- WORK INSTRUCTIONS: In the records below, find the line with "2026 Volvo XC60 Plus - Photo 11", then copy each line exactly until you have copied the line with "Justfab Women’s Camber". Leave any picture out.

- DATA UNDER STUDY:
------------

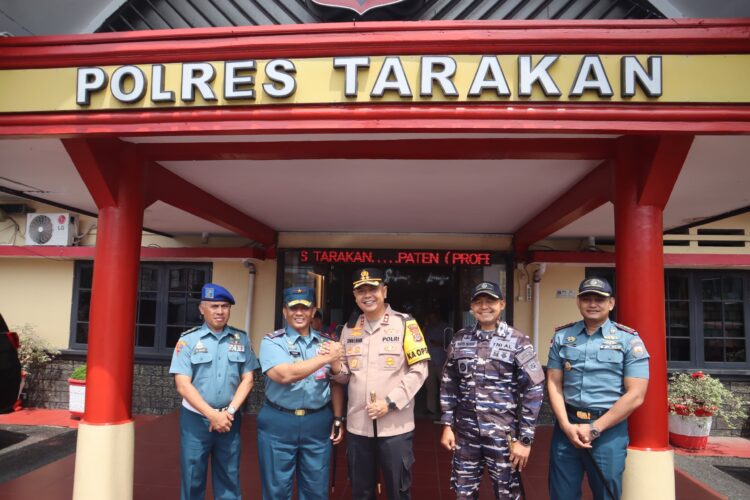 Perkuat Sinergi Pengamanan Pelabuhan SDF, Komandan Lantamal XIII Lakukan Koordinasi Bersama Polres Tarakan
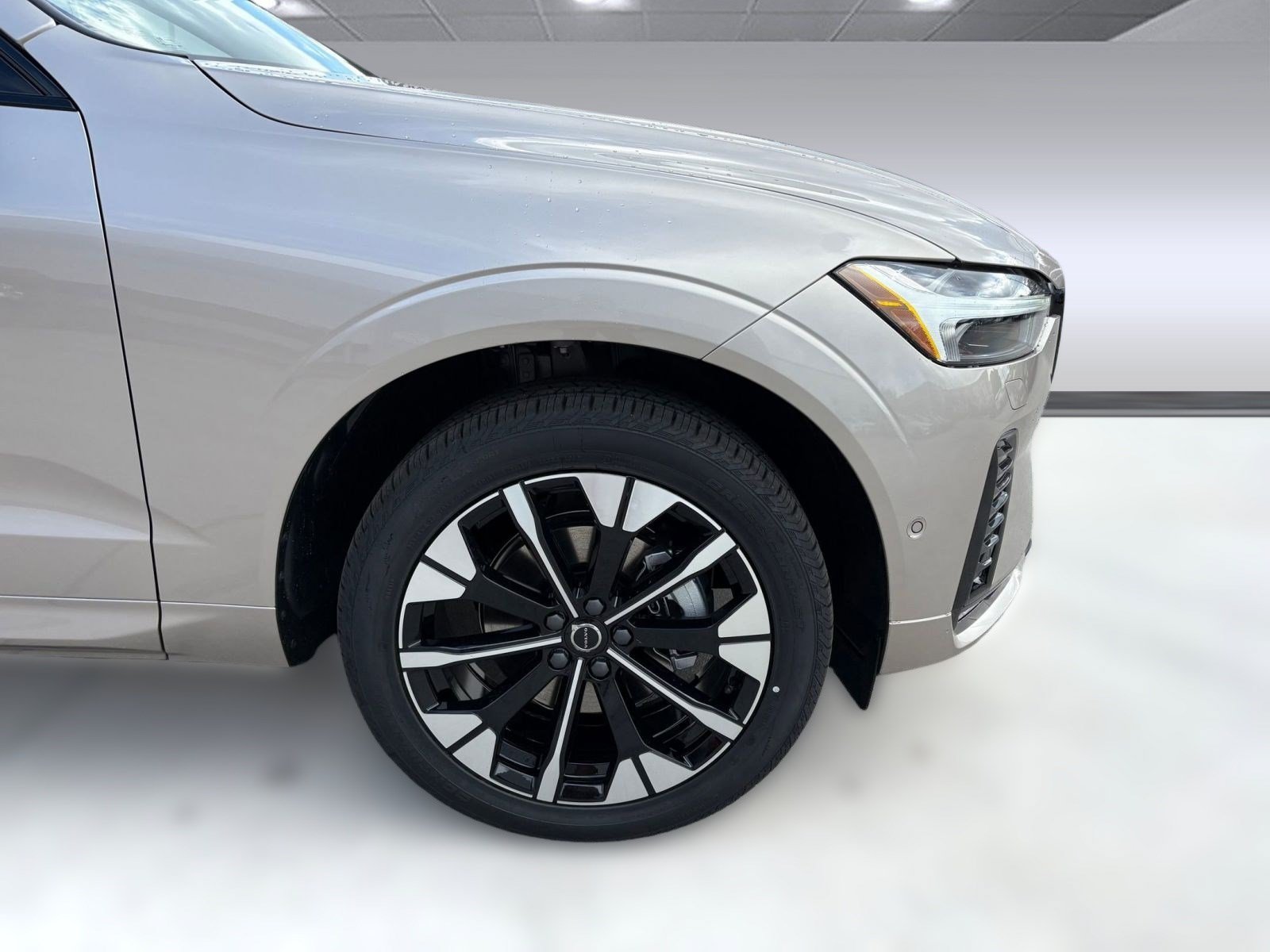 2026 Volvo XC60 Plus - Photo 11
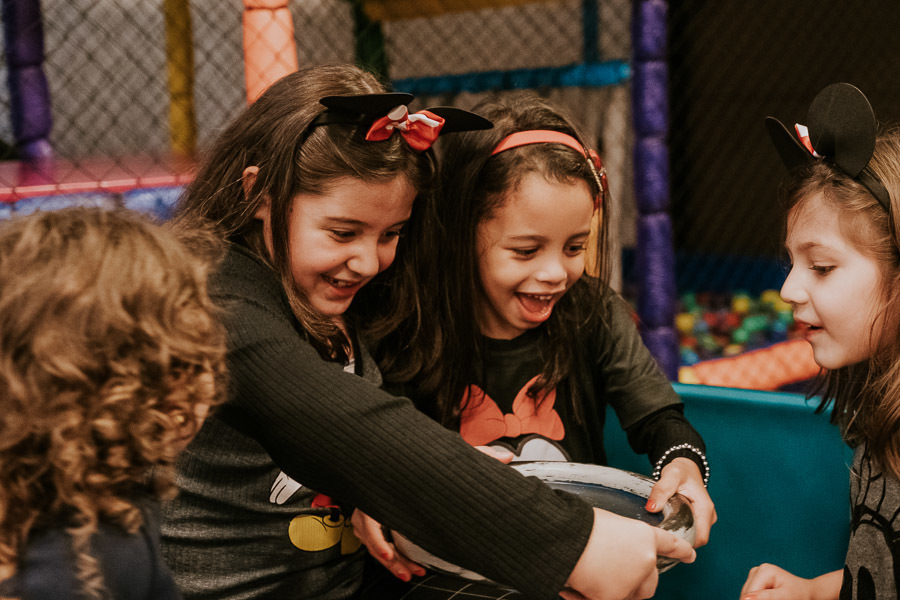 Festa infantil com tema Mickey e Minnie de Valentina no Espaço Fest Bolhas de Sabão em Mogi das Cruzes por Anderson Crepaldi Fotografia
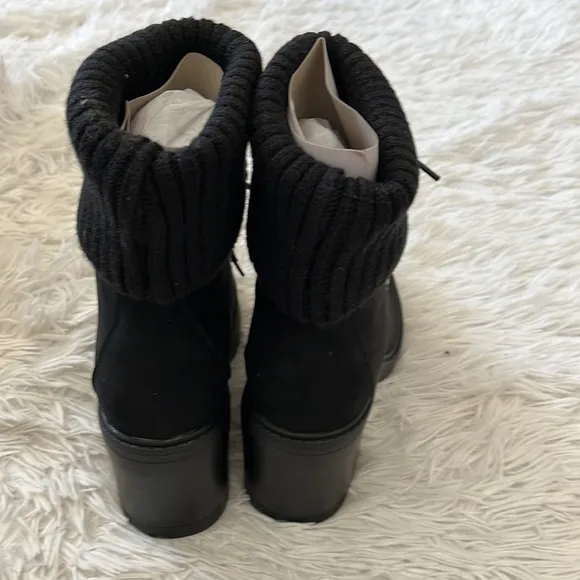 Justfab Women’s Camber Fold-Over Lace-Up Bootie in black size 7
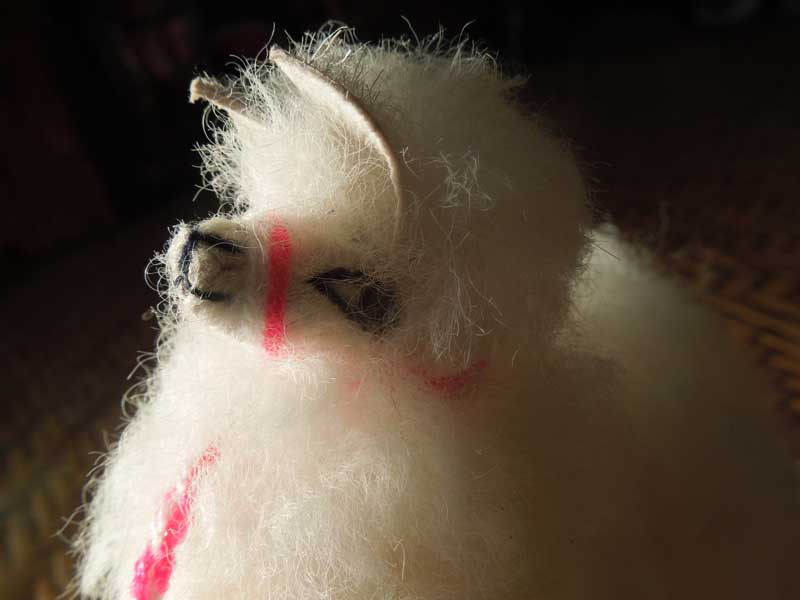 新品 ペルーの本物のアルパカの毛を使用したアルパカの人形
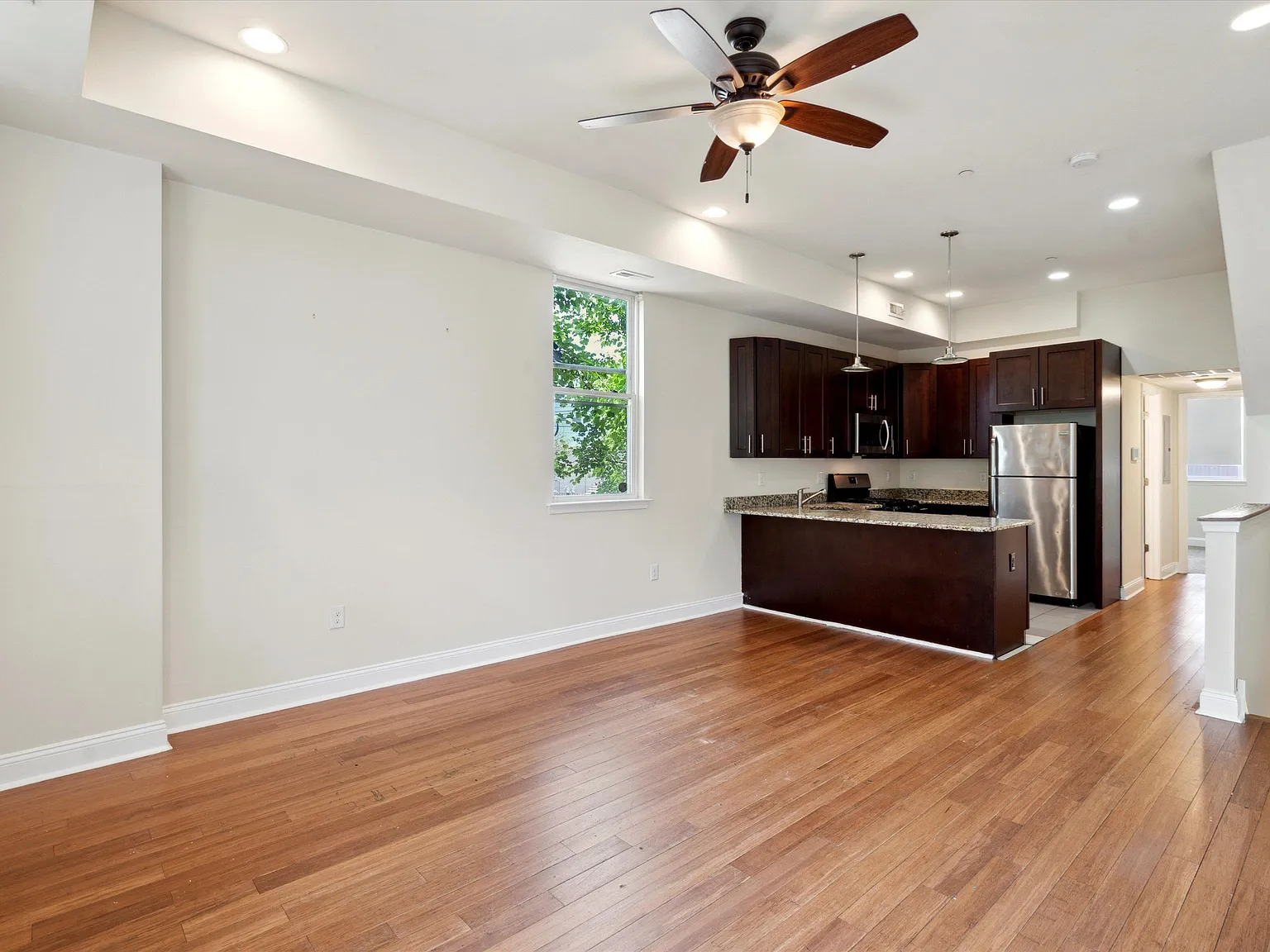 1832 W Montgomery Ave — Photo 1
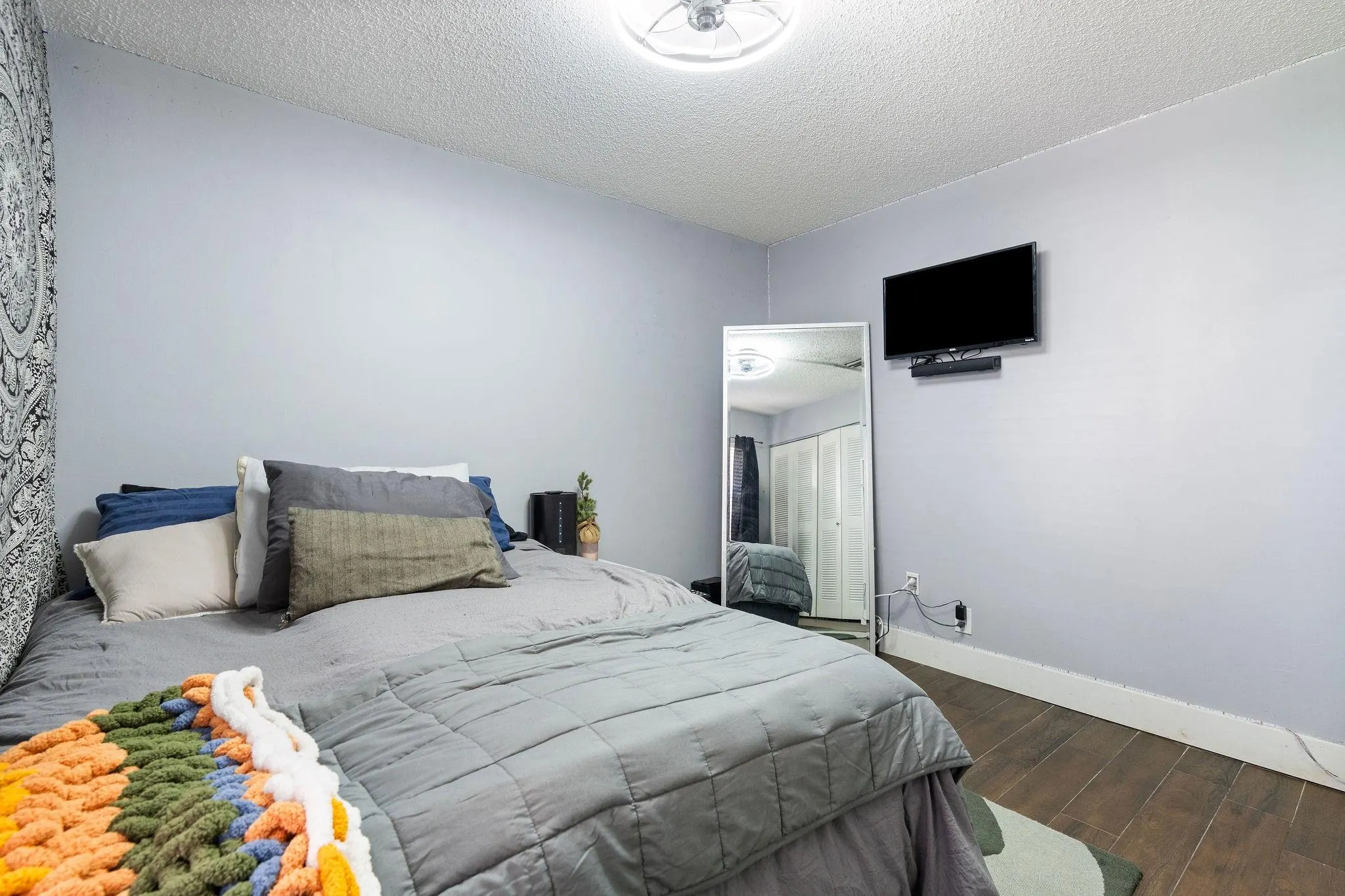 151 NW 115th Ave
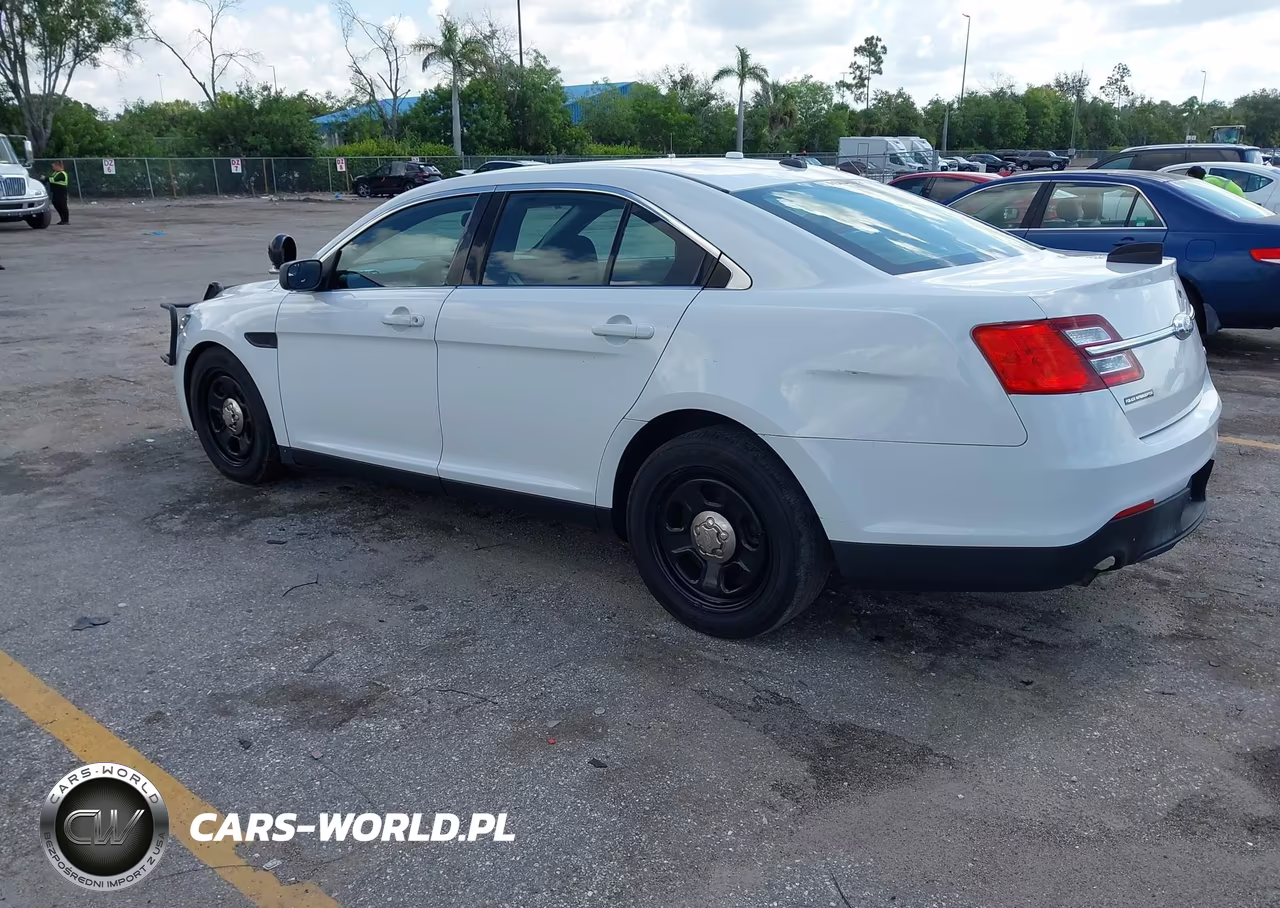 2013 Ford Police Interceptor VIN:1FAHP2L85DG132041 - 3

------------

- WRITTEN ANSWER:
 2026 Volvo XC60 Plus - Photo 11
 Festa infantil com tema Mickey e Minnie de Valentina no Espaço Fest Bolhas de Sabão em Mogi das Cruzes por Anderson Crepaldi Fotografia
 Justfab Women’s Camber Fold-Over Lace-Up Bootie in black size 7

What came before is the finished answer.